Looking back a few weeks to our unit on Algorithms and Cyberwarfare, I want to talk about Dread, and why, out of all our critical making challenges, I found it the most difficult to design for.
Dread’s metaphor of the tower works well with the topic, Algorithms and Cyberwarfare, which (like surveillance and predictive policing, which both use algorithms) is keen to produce paranoia. And as a DM, I had the urge to lean in to these terror-inducing mechanics. However, I soon ran into difficulty. The skeletal framework for the campaign, which was provided to us as designers, insisted we have the narrative take place online. Introducing this component meant the embodied affect would be remediated through descriptions of Twitter and Facebook feeds. And because I only had 45 minutes of gameplay, I felt like I would have to go with one of two scenarios. Either I could have a very sudden tweet-storm be the entirety of the campaign (which felt unrealistic and would probably not give players enough agency to respond to the situation and see the repercussions of their actions–or inactions), or I could work with a plot that spans an extended duration and fast-forward between events (which risks stamping out the hand-quivering affect).
So my challenge was further complicated. I wanted to expose players to the affect of Dread’s tower mechanic, which meant creating an engaging story that could sustain the careful atmosphere that makes Dread a unique roleplaying experience. But on a meta-level, I was concerned with making sure the game was being used as a pedagogical tool that could increase player agency (even if that means through a post-game debrief with players, if their characters fail) around topics of Algorithms and Cyberwarfare–all while keeping within the constraints provided by the framework that was distributed to designers. I think the crux of the challenge for me was the question of how to maintain player engagement. From what I can tell, the success of a game of Dread depends on the careful tension between desire and loss (i.e., terror), which is why the question of spatiality and temporality is so huge here. How can I make the stakes feel real to the players if the game takes place online? How does one begin designing an affectively engaging story that is told through distributed descriptions of posts on social media platforms?

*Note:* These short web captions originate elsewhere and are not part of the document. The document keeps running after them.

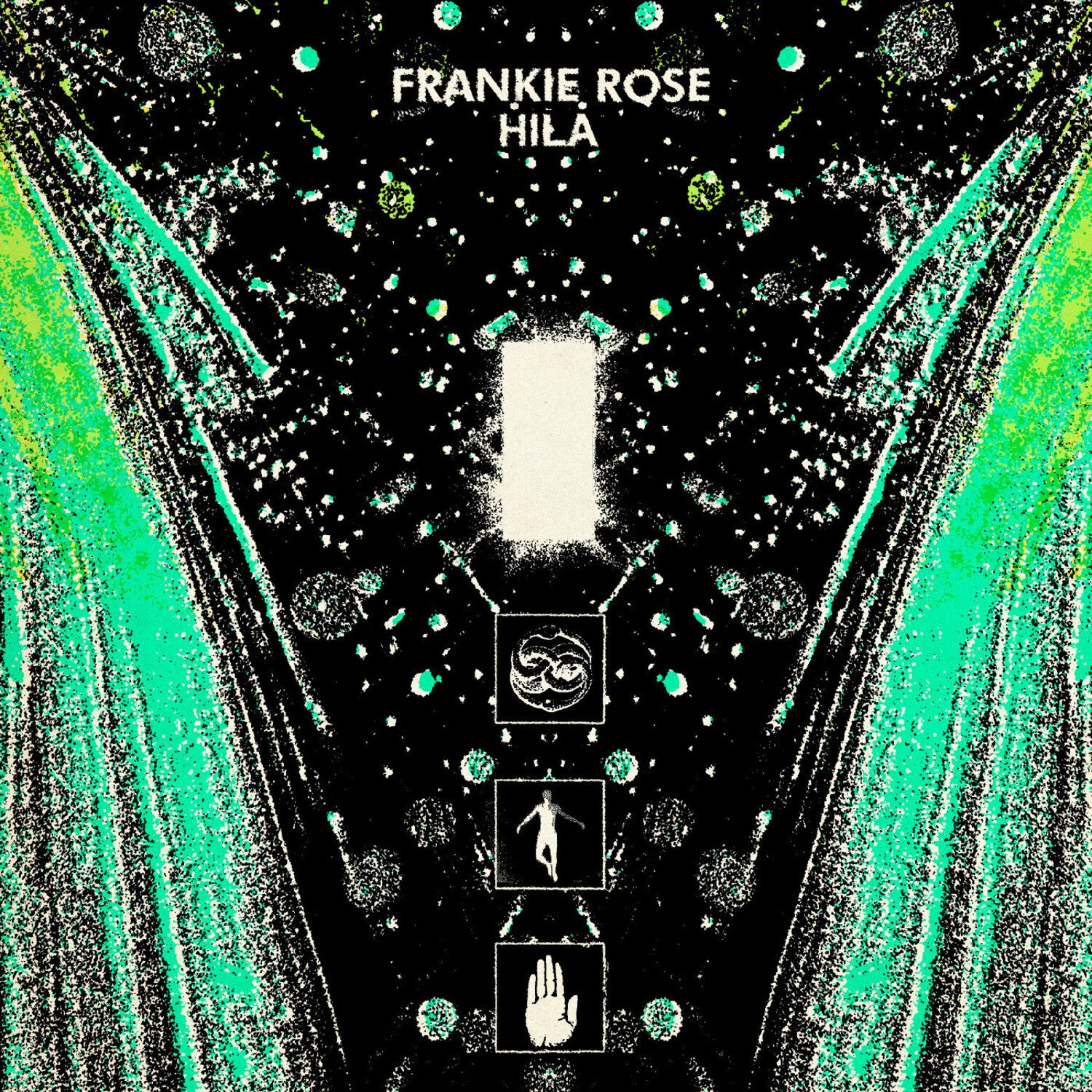 Frankie Rose - Hila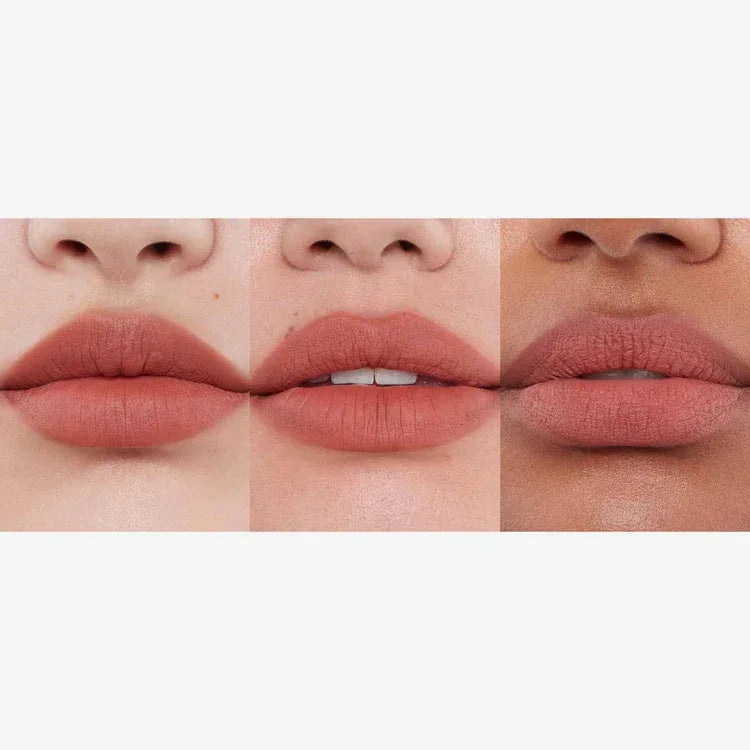 Anastasia Beverly Hills Lip Velvet Liquid Lipstick- Parchment - The Beauty League Pakistan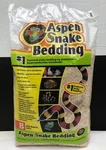Zoo Med Aspen Snake Lizard Insect Bird Burrowing/nest Bedding Substrate. Fixed Price $16.99.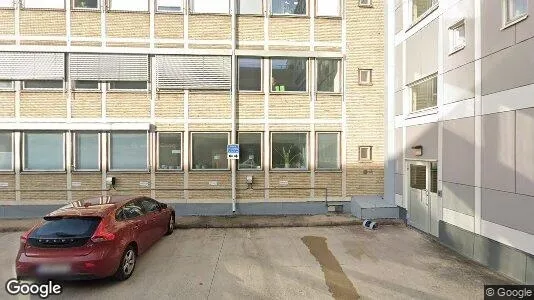Kontorer til leie i Örebro – Bilde fra Google Street View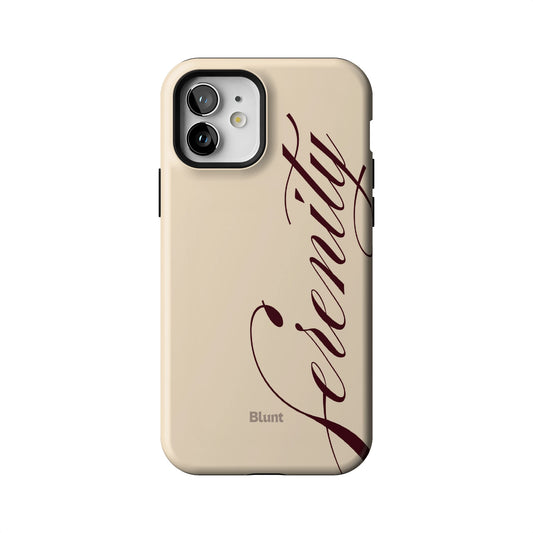 Serenity 2 iPhone Case gallery - Iphone_12_Iphone_1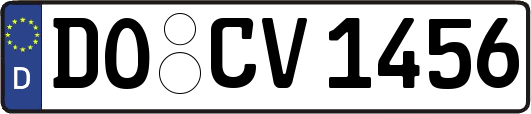 DO-CV1456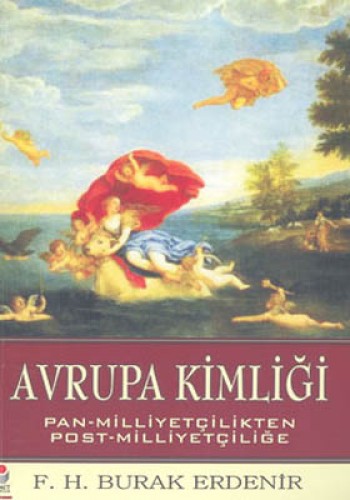 AVRUPA KİMLİĞİ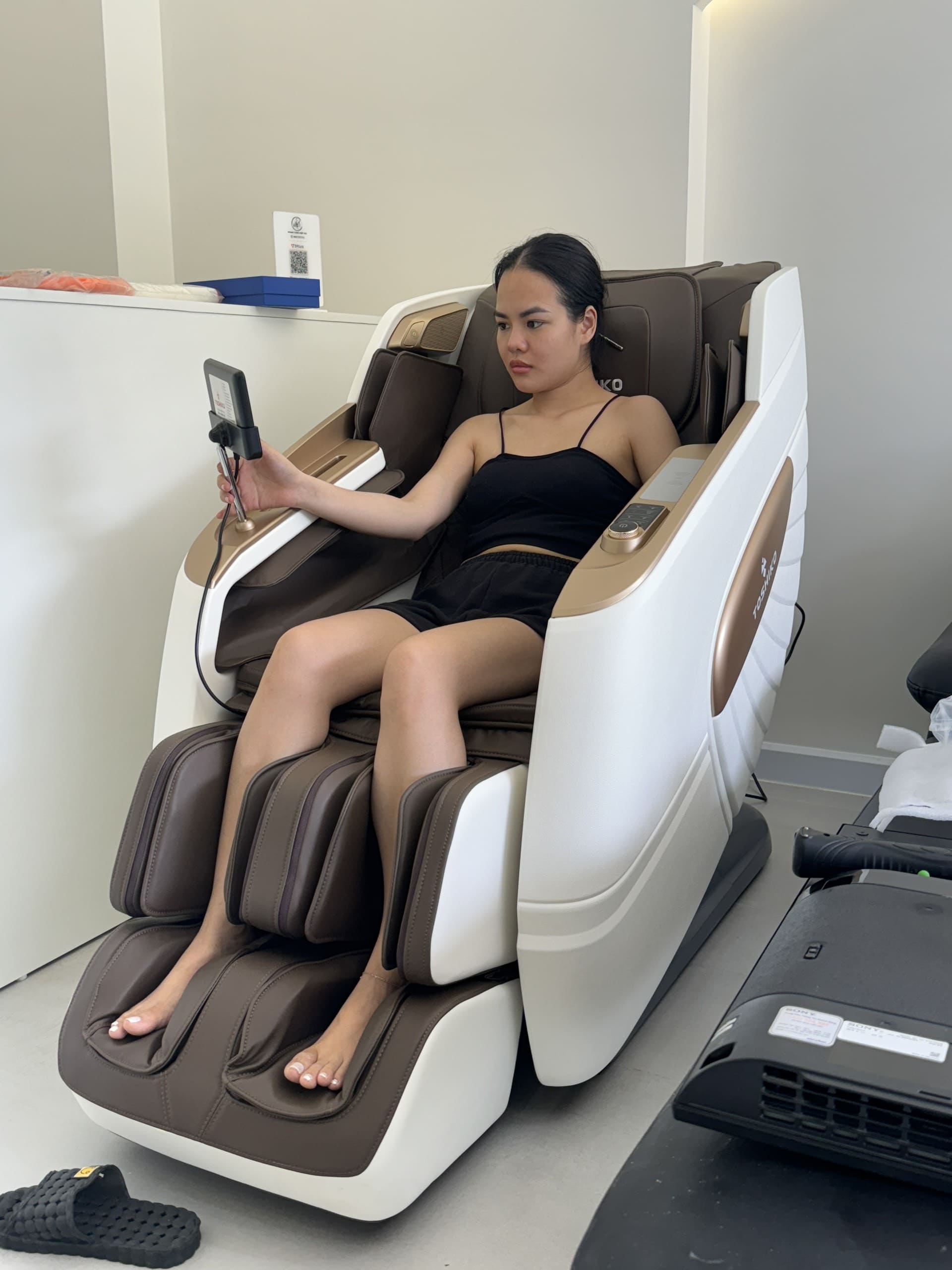Ảnh thực tế của Bích Thủy, ảnh 1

I decided to go with the second of two formats: breaking the game apart into three “real life” sessions, spaced out over an extended period of time. The players’ characters (activists for the Coalition of Tomorrow) would meet in person in a board room, collaborating with each other to plan a project, when Trump tweets:
A fake tweet used in the game.
After this tweet, the players begin encountering attacks from alt-right trolls, who harass them, even going so far as doxxing one of the characters’ younger sister. I also played with affect by dimming the lights and using sound. For instance, I would slowly increase the volume of a dark ambient cyberpunk(ish) track whenever I felt that a player’s character was going through a very internal trauma. I also put together a queue of phone vibrations (and later twitter chirps, which I borrowed from Patrick who began using them for a similar purpose at another table) that would play whenever a character got an incoming notification on their phone, as well as ambient train noises and rain that I used in an attempt to bring a degree of mimetic texture to the narrative in order to make up for the story taking place online, which can feel a step removed from the stakes of reality. The game ended with Trump supporters gathered outside the Coalition headquarters and a multilinear end game state: either they do nothing and call the police when the supporters start trying to break into the building, or face the supporters and risk getting hurt–the potential reward being dispersing the protest with words and saving a kind Yemeni man who is caught in the crowd from being harassed by the alt-right.
In the end, I think this was a great design challenge, (both for me and my players, who were good sports, said “yes, and…” and contributed to the story in playfully productive and provocative ways.) I know my gratitude is long over-due, but thank you all for being such a great audience! It was a pleasure to DM for you and I hope I made our game worth your time.